Interval Timeframe keyword Column updates per month (approx.) Explanation
minutely this_N_minutes 60 * 24 * 30 = 43200 Each hour the latest ~60 minutes are computed. (Note: 48 hours = 2880 minutes > 500, so the “trailing update” will always be outside of the timeframe.)
minutely previous_N_minutes 60 * 24 * 30 = 43200 Same as this_N_minutes.
hourly this_N_hours 2 * 24 * 30 = 1440 Each hour is computed twice: once when it first comes into the timeframe and once by the “trailing update” pass.
hourly previous_N_hours 2 * 24 * 30 = 1440 Same as this_N_hours.
daily this_N_days 2 * 24 * 30 = 1440 Each hour the current day and the day before yesterday are computed.
daily previous_N_days 30 + (24 * 30) = 750 Each day is computed once within the hour after it ends, then again every hour the 2nd day afterwards by the “trailing update” pass.
weekly this_N_weeks (24 * 30) + (4 * 48) = 912 Each hour the current week is computed.

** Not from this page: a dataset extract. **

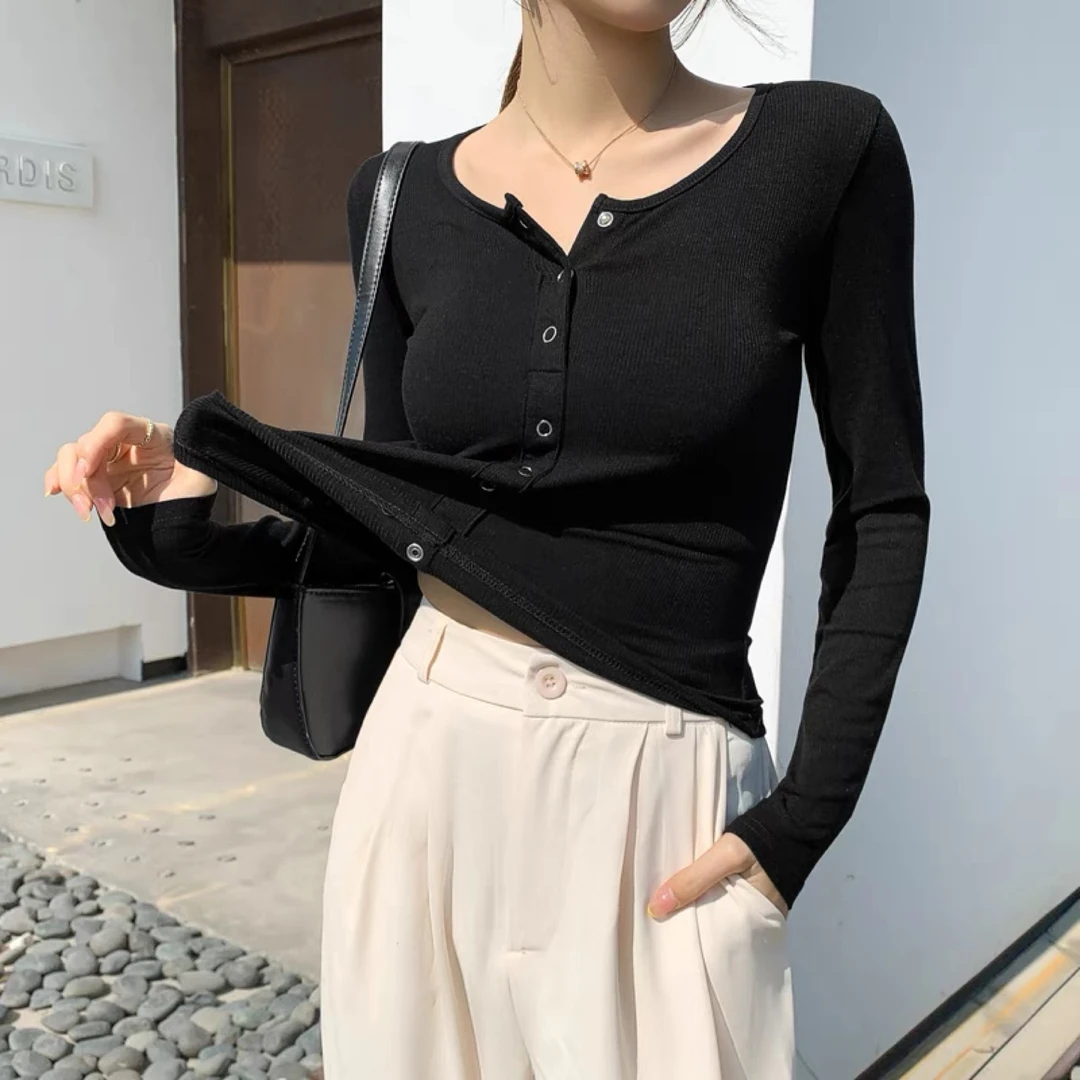 5616女装AF同款亨利修身开衫圆领开衫纽扣修身显瘦薄款打底纯色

For the 48 hours at the start of a week, the previous week is computed by the “trailing update” pass. (Note: some months will compute 5 weeks instead of 4.)
weekly previous_N_weeks 4 * 48 = 192 For the 48 hours at the start of a week, the previous week is computed by the “trailing update” pass. (Note: some months will compute 5 weeks instead of 4.)
monthly this_N_months (24 * 30) + 48 = 768 Each hour the current month is computed. For 48 hours at the start of a month, the previous month is computed by the “trailing update” pass.
monthly previous_N_months 48 For the 48 hours at the start of a month, the previous month is computed by the “trailing update” pass.
yearly this_N_years 24 * 30 = 720 Each hour the current year is computed. (Note: the previous year is recomputed for the 48 hours of the year, so this will be slightly higher in January.)
yearly previous_N_years 48 in January; 0 thereafter The previous year is re-evaluated for the first 48 hours in January but after that no updates are necessary.

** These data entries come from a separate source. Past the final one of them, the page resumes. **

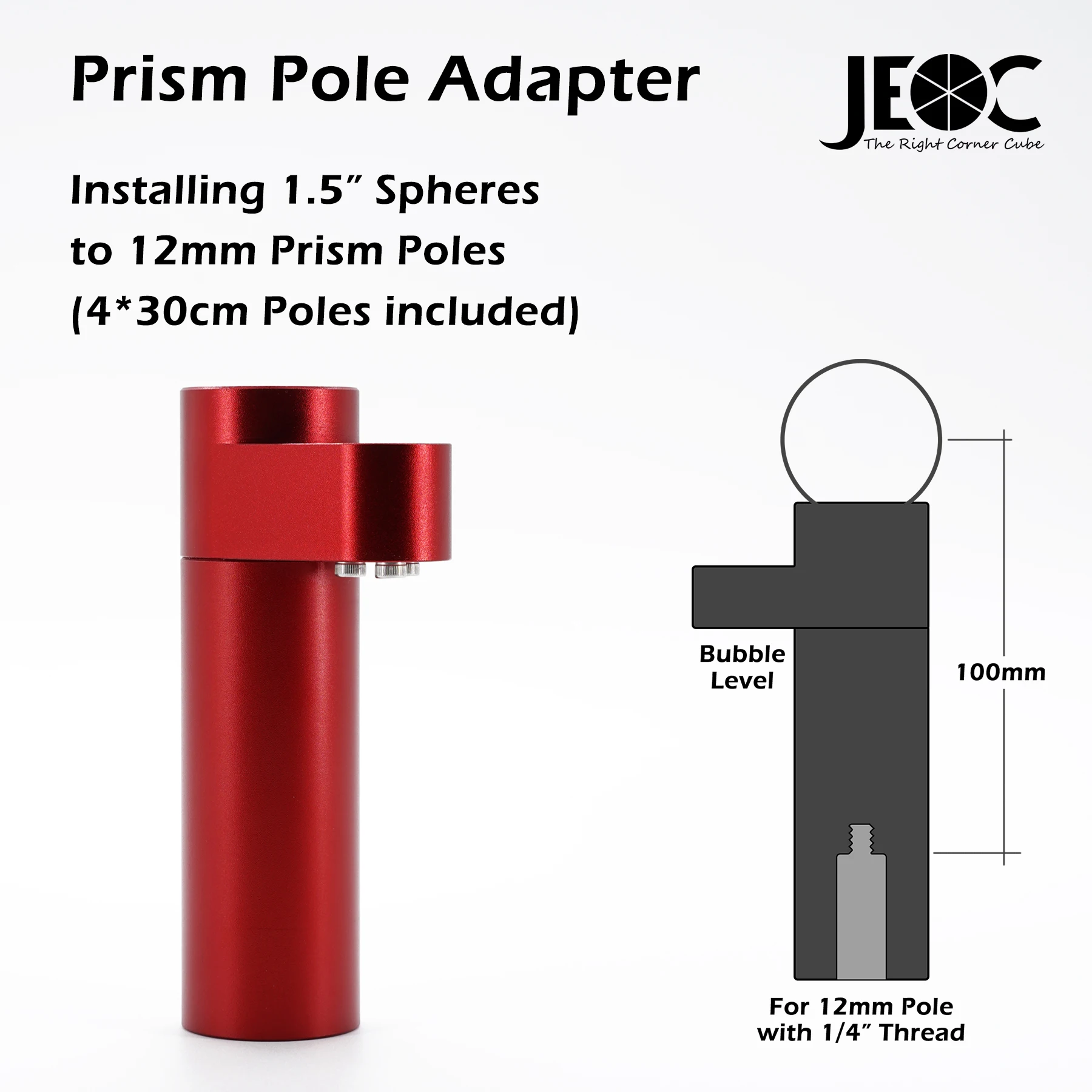 Imagem -04 - Jeoc Manípulo para Smr de 15 e Refletor de Bola Adaptador de Extensão com 4*30cm Polos de 4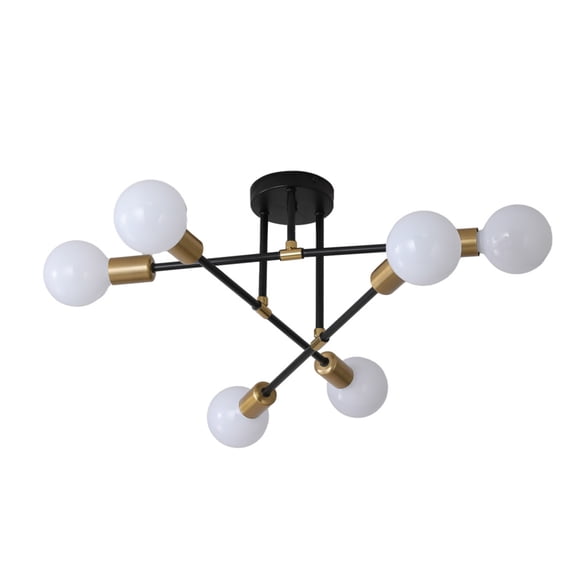 Ceiling lighting fixtures, dining room pendant light, kitchen living room modern 6-sight black and gold industrial pendant light semi embedded installation, E26 base, excluding light bulbs, modern pe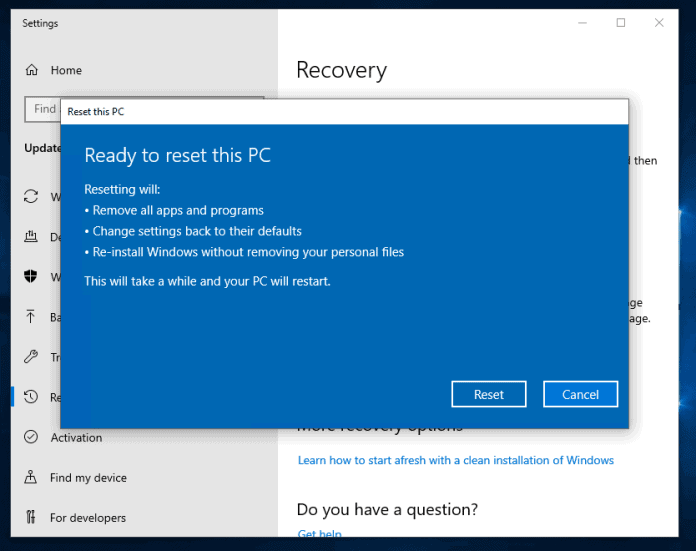 windows 10 reset this pc stuck on getting thing sready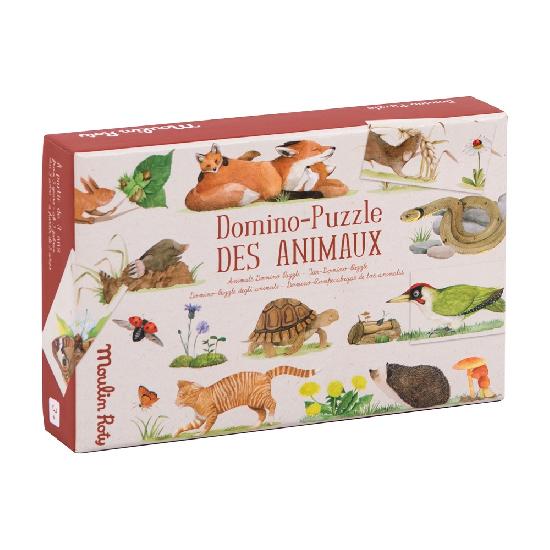 Moulin Roty - Le Jardinier - Animal Domino Puzzle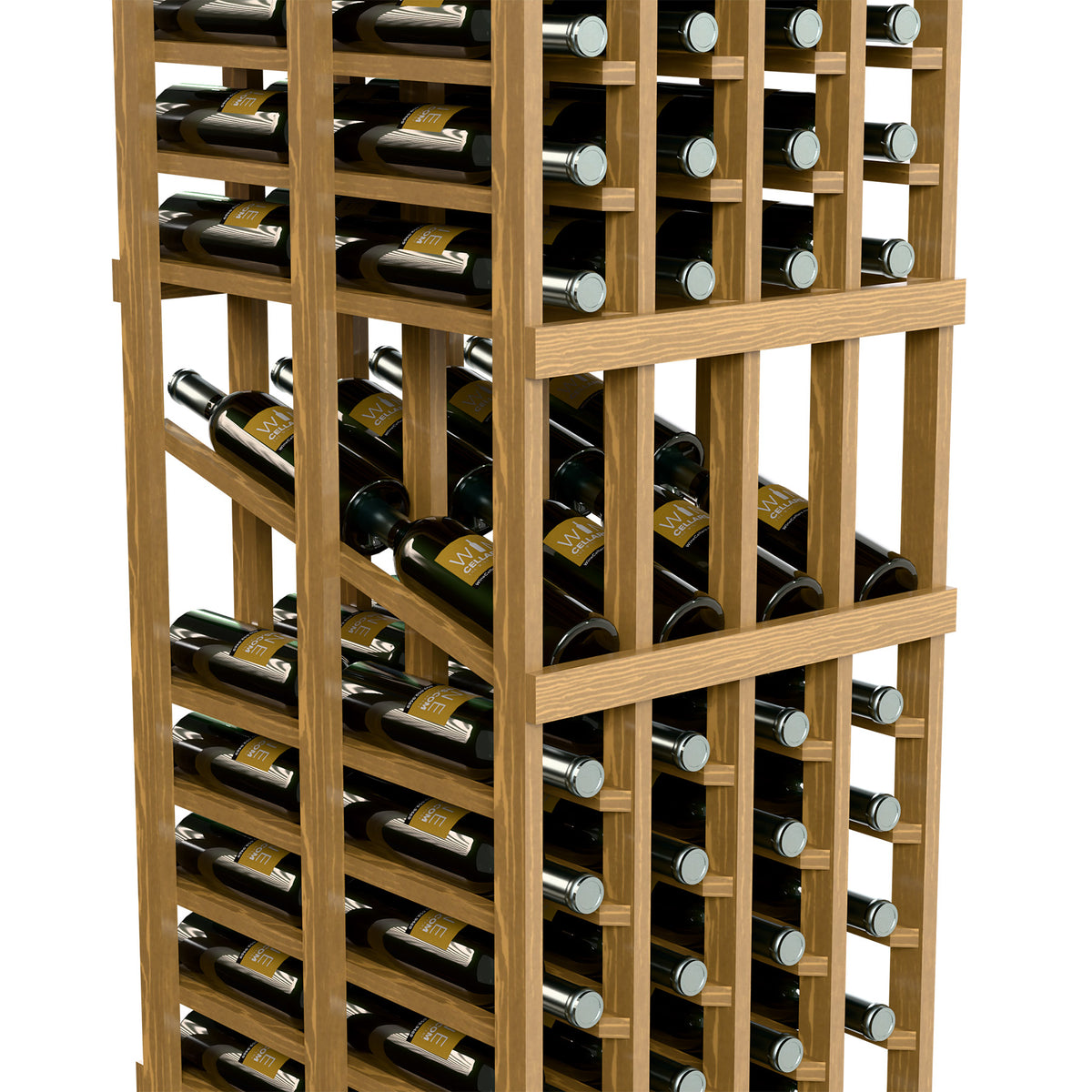 Light wood wine display rack close-up, four-column layout with bottles in rows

Then multiply together the cost per update query times the number of column updates per month to get a rough estimate of total properties scanned usage. Note that for this_N_* timeframes with longer-duration intervals (daily and up) this will usually be an over-estimate because the column update query for an in-progress interval won’t read as much data as for an already-finished interval. For example when first updating the column for the current day given a this_N_days interval, there will only be 1/24th of a day’s worth of events to scan. To get a precise estimate you will need to take this into account, but in most cases even the conservative estimate will be good enough.

It is also important to note that there will be an initial bootstrapping phase when a Cached Dataset is first created. During this phase Keen will need to run queries for every column in the matrix, i.e. every interval in the timeframe. To estimate the cost of this bootstrapping phase just estimate the cost of a single column update query (as described above) and multiply by the number of columns/intervals (e.g. 500 for a this_500_days timeframe).

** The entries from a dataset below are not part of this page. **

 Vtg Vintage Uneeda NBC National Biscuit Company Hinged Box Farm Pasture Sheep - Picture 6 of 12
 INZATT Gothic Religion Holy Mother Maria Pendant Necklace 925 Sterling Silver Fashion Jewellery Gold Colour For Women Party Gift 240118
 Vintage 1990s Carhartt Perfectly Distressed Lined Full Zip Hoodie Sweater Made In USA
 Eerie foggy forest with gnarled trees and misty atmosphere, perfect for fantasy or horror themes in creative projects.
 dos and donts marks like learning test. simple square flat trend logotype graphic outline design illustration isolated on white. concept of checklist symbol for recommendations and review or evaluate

Working Example, re-revisited

Building upon the example Query and Cached Query above, imagine we convert the query to a Cached Dataset by removing the filter on y and instead using y as the index_by property. We use a timeframe of this_90_days and a daily interval. The cost of a single column update query will be N = E * P = 10K * 3 = 30K (actually less in practice due to the partial-interval behavior mentioned above). The number of column updates per month will be 1440, from the table. So the total number of properties scanned will be less than 30K * 1440 = 43.2M or $4.32 per month, a >10x reduction compared the Cached Query version and a 37x reduction over the original ad hoc version.

Warning: avoid this_N_years Cached Datasets

When using a this modifier and a yearly interval, we have to run a column update query every hour that covers the entire current year-to-date. This becomes quite expensive as the year progresses and contains more events. For this reason we strongly discourage use of this_N_years with Cached Datasets.